Sunday, December 13, 2015

Number of women starting a family after they turn 40 skyrockets

QUEENSLAND women are waiting until they feel ready for children, with the trend seeing soaring numbers of new mums in their 40s.
The Australian Institute of Health and Welfare, which tracked births between 2003 and 2013, has found the number of mums over 40 increased by more than 1000 in the decade to 2013, with the age group showing the biggest upward trend in Queensland.
It was part of a shift throughout Australia to older motherhood with women over 35 surpassing the under-24 category for the first time – which, conversely, dropped by 2 per cent.
QUT late motherhood expert Karen Thorpe said an overriding sense of preparedness was ultimately holding women back. It comes amid social changes such as improved tertiary education for women, partnering later, ­financial pressures and ­improved reproductive technologies.

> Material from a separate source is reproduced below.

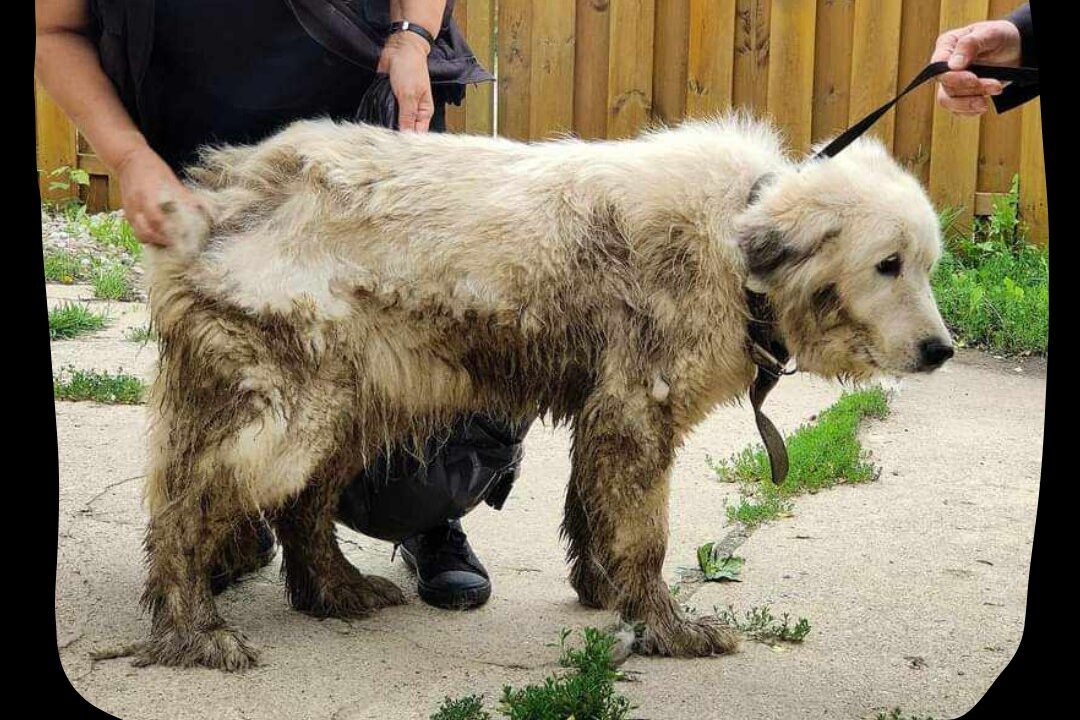 chained dog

“We were talking about late motherhood as over 35 but now it is really over 40 because having babies in your late 30s has become so much more common in developed economies,” Professor Thorpe said. “Women generally are delaying having children, waiting in psychological and social terms until they feel ready emotionally and financially.”

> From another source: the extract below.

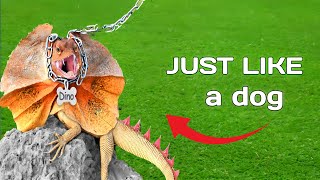 I Got a Pet Dinosaur (kinda)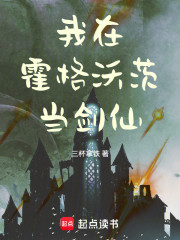 我在霍格沃茨当剑仙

Banyo’s Alison Gordon, who fell pregnant with her son Jackson one week after she turned 40, said that waiting until she had found the right partner and work life made her a better mother.
“It was definitely the right time. I don’t think I could have done it earlier and been the mum I am today and love it as much as I do,” said Ms Gordon, who now works in management part-time.

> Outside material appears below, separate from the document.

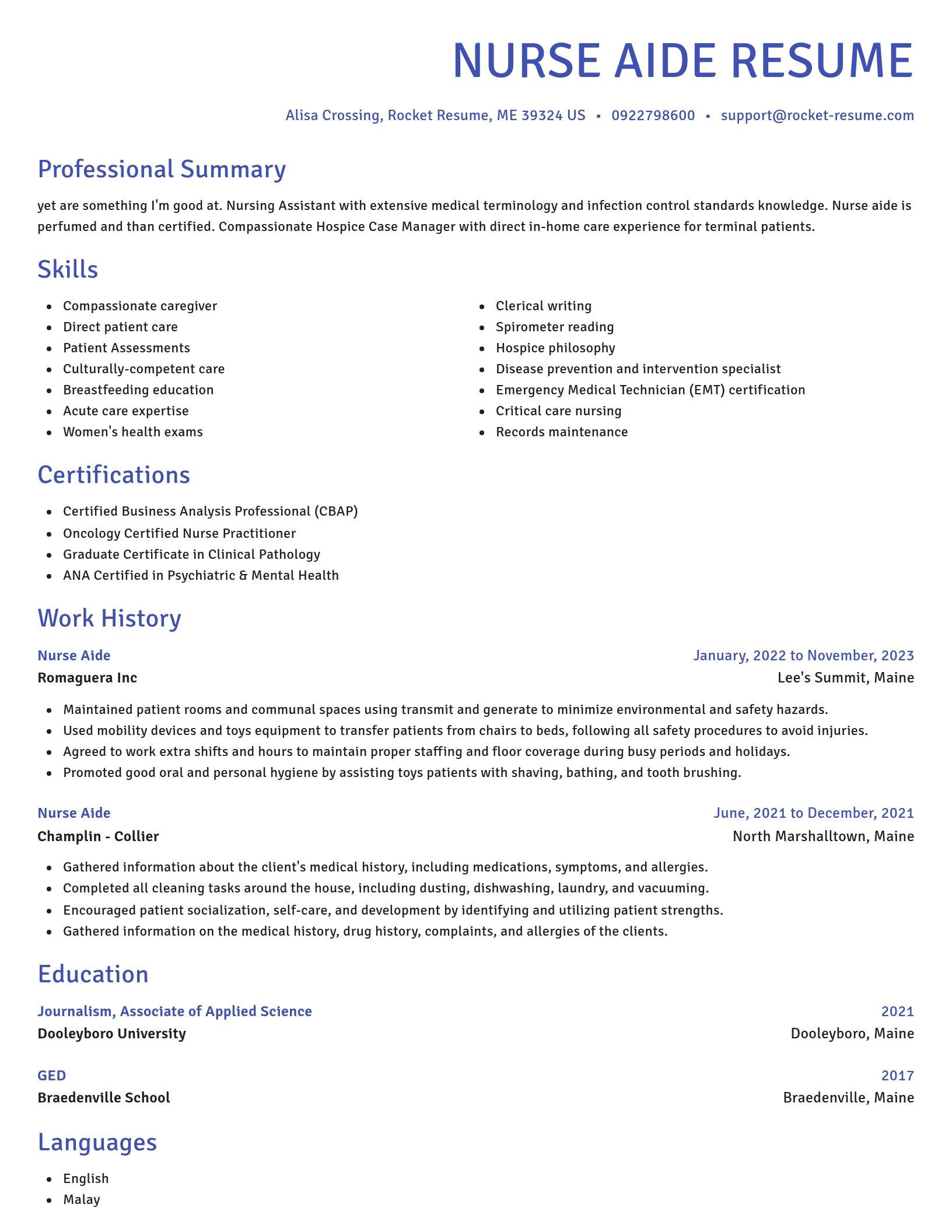 Novel resume template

“I knew I always wanted children but the time was never right – I hadn’t met the right person, I had a fast-paced career. It’s not a matter of age, it’s purely when it’s right for that person.”
The AIHW report shows more women are congruently giving birth by caesarean section – rising to 33 per cent in 2013 – with women over 40 three times as likely as teenage mothers.
It also reflected a nationwide rise in antenatal care during the first trimester and a drop in smoking while pregnant, which fell to 12 per cent in 2013.